4ICA Paris 2022 eut pour moi une couleur particulière et inédite. En effet, je n’ai pas présenté de communication, j’y ai participé comme discutante dans le cadre d’un panel franco-français sur la fabrique de l’influence et les approches françaises de la diplomatie publique. Compte tenu du coût de l’adhésion à ICA et de l’inscription, cette participation peut être considérée comme un luxe. Rares sont les chercheurs qui peuvent s’affranchir de la logique comptable et qui s’autorisent à ne pas tenter de multiplier les communications afin « d’optimiser » le retour sur investissement. Le fait d’être du seul côté du public est pourtant fructueux et confortable, mais aussi formateur dans l’optique de communiquer lors d’une édition ultérieure riche des apprentissages autorisés par l’immersion. Ensuite, ICA Paris fut particulier car j’y ai retrouvé et j’ai pu travailler avec les membres de plusieurs petites communautés de chercheurs travaillant sur des thèmes qui m’intéressent, d’où une moindre impression d’être Lost in translation que lors de précédentes hyperconférences. Quand je posais des questions, certains animateurs de panels me donnaient la parole en disant : « Please go, Lucile », ce qui crée un sentiment de familiarité rassurant et chatouille l’ego. J’ai d’ailleurs reçu des textos d’invitation pour participer à des contre-soirées en parallèle des cocktails de 500 personnes organisés par les grosses divisions. OMG, such an achievement

5Ces deux conférences de 2022 étaient étranges en ce qu’elles faisaient suite à deux années de conférences annulées ou passées en complet distanciel, soit un mode très dégradé. J’ai, par exemple, participé avec Armen Khatchatourov à ICA 2021. Nous avons communiqué – si l’on peut dire – avec une intervention de 7 minutes sous la forme d’un diaporama préenregistré et une narration minutée des diapositives, sur le modèle honni des Pecha Kucha. Un seul et unique commentaire a été posté sous ce diaporama, d’où un sentiment de gâchis d’énergie.

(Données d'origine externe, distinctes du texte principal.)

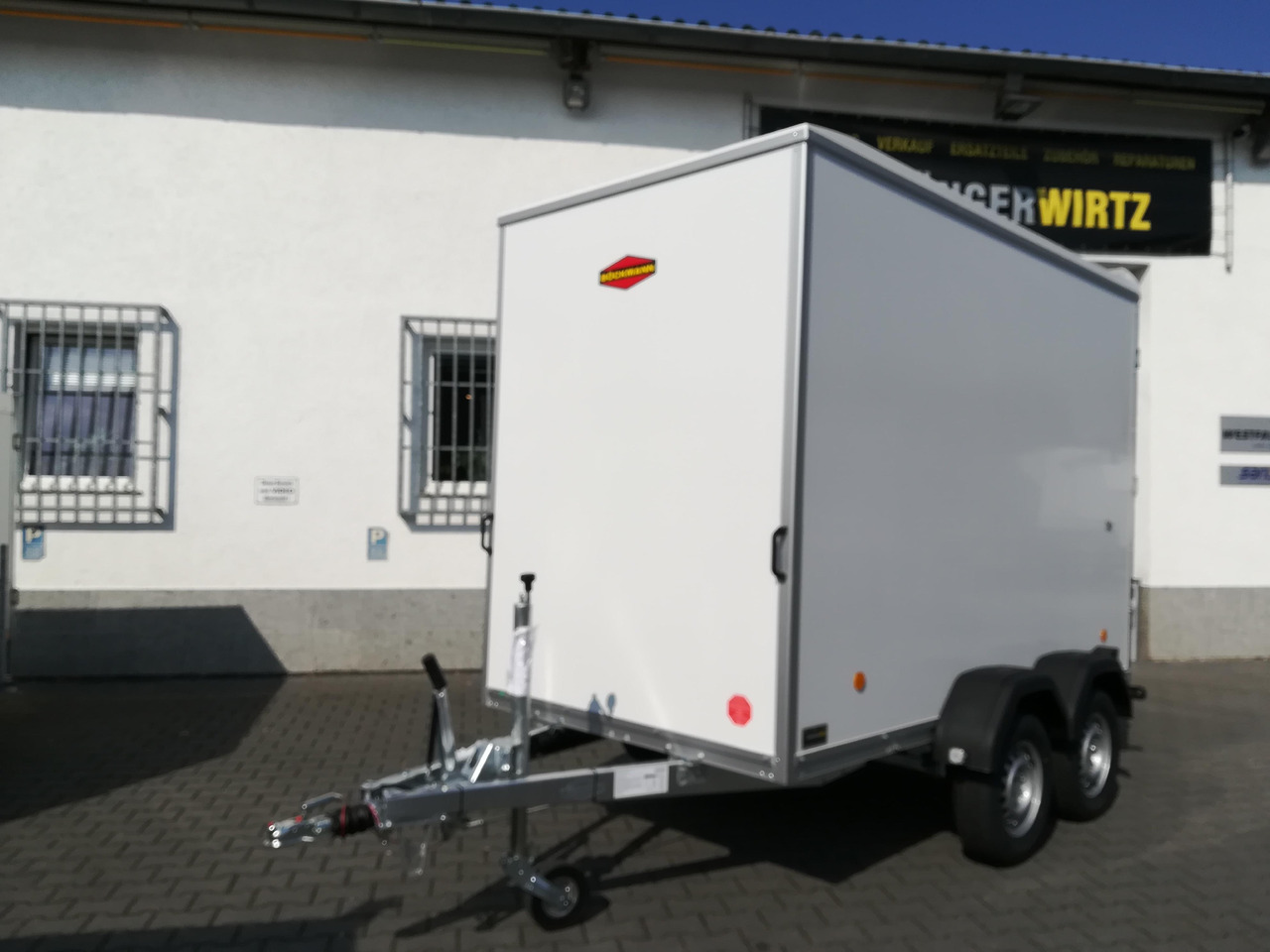 Böckmann Koffer KT 3015/20 H weiß glatt 301x150x202cm (M) 2000kg Modell 2023 - Закритий кузов причіп: фото 1 Böckmann Koffer KT 3015/20 H weiß glatt 301x150x202cm (M) 2000kg Modell 2023 - Закритий кузов причіп: фото 1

6J’ai été heureuse de voir revenir des conférences organisées en présentiel. J’ai croisé moins de 10 chercheurs français pendant l’ICA Paris 2022 ce que confirme la consultation des 684 pages du programme de la conférence. Qui plus est, peu de Français ont eu le loisir ou se sont autorisés à participer à la conférence sur toute sa durée. Ils sont encore moins nombreux à avoir participé aux événements liés à la vie de l’association, de ses grandes divisions ou de ses plus petits groupes d’intérêt (réunions plénières ou cocktails). J’ai d’ailleurs dû répondre plusieurs fois à la question : « Where are the French ? ». J’ai rédigé ce texte en écho avec cette question ingénue, entre retour d’expérience enrichi de d’éléments d’analyse personnelle, et billet d’humeur.

7Les freins spécifiques à la participation des chercheurs français à des conférences internationales

8La faible participation des Français aux conférences internationales est liée à la quantité de travail nécessaire pour qu’une proposition de communication soit acceptée, c’est-à-dire de manière à compenser des difficultés liées :

  • à des différences de structuration disciplinaire ;

  • à la difficulté que nous, Français, avons à appréhender l’état de l’art des travaux en anglais (méconnaissance de références théoriques basiques ou pointues ou encore très récentes) d’où une possible inadéquation des concepts que nous utilisons ;

  • au manque de lisibilité des découpages entre axes de recherche et approches théoriques ;

  • à des décalages épistémologiques notamment du fait de l’omniprésence des approches fonctionnalistes et quantitatives et à cause du cantonnement des travaux critiques dans quelques panels théoriques ;

  • à la méconnaissance par les chercheurs français de certains effets de mode4 – méconnaissance ou bien au rejet méritant ? ;

  • au manque d’ambition de nos propositions d’articles en comparaison de celles provenant des États-Unis ou d’Allemagne, par exemple, où les chercheurs baignent dans la culture de la recherche par réponse à appels à projets et qui présentent le travail de toute une « écurie » de chercheurs.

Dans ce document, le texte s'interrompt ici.